Various commentators have offered their views on the nature of the “Colossian Heresy” based on the information given to us within this epistle…
“Several years after the Colossian church was founded, a dangerous heresy arose to threaten it—one not identified with any particular historical system. It contained elements of what later became known as Gnosticism: that God is good, but matter is evil, that Jesus Christ was merely one of a series of emanations descending from God and being less than God (a belief that led them to deny His true humanity), and that a secret, higher knowledge above Scripture was necessary for enlightenment and salvation.” (1)
“Throughout this letter Paul combats a heresy similar to Gnosticism (see the notes on Col_1:9-14; Col_1:15-23; Col_2:4 ff). Gnostics believed that it took special knowledge to be accepted by God; for them, even for those who claimed to be Christians, Christ alone was not the way of salvation (Col_1:20)… Gnostics valued the accumulation of knowledge, but Paul pointed out that knowledge in itself is empty. To be worth anything, it must lead to a changed life and right living.” (2)

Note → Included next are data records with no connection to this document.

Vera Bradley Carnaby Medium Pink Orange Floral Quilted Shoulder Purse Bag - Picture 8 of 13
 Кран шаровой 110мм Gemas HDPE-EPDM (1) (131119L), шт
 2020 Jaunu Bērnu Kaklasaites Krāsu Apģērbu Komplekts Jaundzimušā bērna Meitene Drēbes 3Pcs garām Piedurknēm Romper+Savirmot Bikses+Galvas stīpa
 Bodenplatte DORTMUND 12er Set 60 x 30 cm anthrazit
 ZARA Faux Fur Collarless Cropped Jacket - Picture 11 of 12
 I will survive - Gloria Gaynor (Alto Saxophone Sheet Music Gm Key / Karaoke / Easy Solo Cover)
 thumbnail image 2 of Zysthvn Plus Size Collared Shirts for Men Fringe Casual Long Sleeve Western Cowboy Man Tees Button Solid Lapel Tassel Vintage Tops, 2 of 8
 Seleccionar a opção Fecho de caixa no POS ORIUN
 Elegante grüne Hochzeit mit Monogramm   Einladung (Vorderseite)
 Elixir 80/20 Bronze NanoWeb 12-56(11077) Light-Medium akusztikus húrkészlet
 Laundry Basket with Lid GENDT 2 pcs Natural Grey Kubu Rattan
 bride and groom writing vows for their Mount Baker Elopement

“In this letter, Paul is combating a heresy that scholars have found very difficult to identify… Apparently, this heresy did not categorically deny that the work of Jesus Christ is necessary for the sinner’s salvation. It did, however, deny the sufficiency of that work for salvation. The Colossians were being told that by means of observing a cycle of feasts and festivals (2:16), and particularly through an ascetic lifestyle of abstention from food and drink (2:21–23), they could usher themselves into ecstatic, visionary states in the present (2:18) and, with Christ’s help, make it to heaven one day.” (3)
“The impact of the heretical teaching must have been profound, since one of the three churches mentioned in the letter (4:13), Laodicea, is singled out for criticism in the Book of Revelation many years later (Rev. 3:14ff.). Laodicea is charged with being wretched, pitiful, poor, blind, and naked. Ephesus fares somewhat better but has left its first love and needs to repent (Rev. 2:1ff.).” (4)
(1) MacArthur, J. F., Jr. (2006). The MacArthur study Bible: New American Standard Bible. Nashville, TN: Thomas Nelson Publishers.
(2) Life Application Study Bible, Colossians 1:4-5 Copyright © 1988, 1989, 1991, 1993, 1996, 2004 by Tyndale House Publishers Inc., all rights reserved. Life Application® is a registered trademark of Tyndale House Publishers, Inc.
(3) Sproul, R. C. (Ed.). (2015). The Reformation Study Bible: English Standard Version (2015 Edition) (p. 2118). Orlando, FL: Reformation Trust.
(4) McRay, J. (1995). Colossians. In Evangelical Commentary on the Bible (Vol. 3, p. 1050). Grand Rapids, MI: Baker Book House.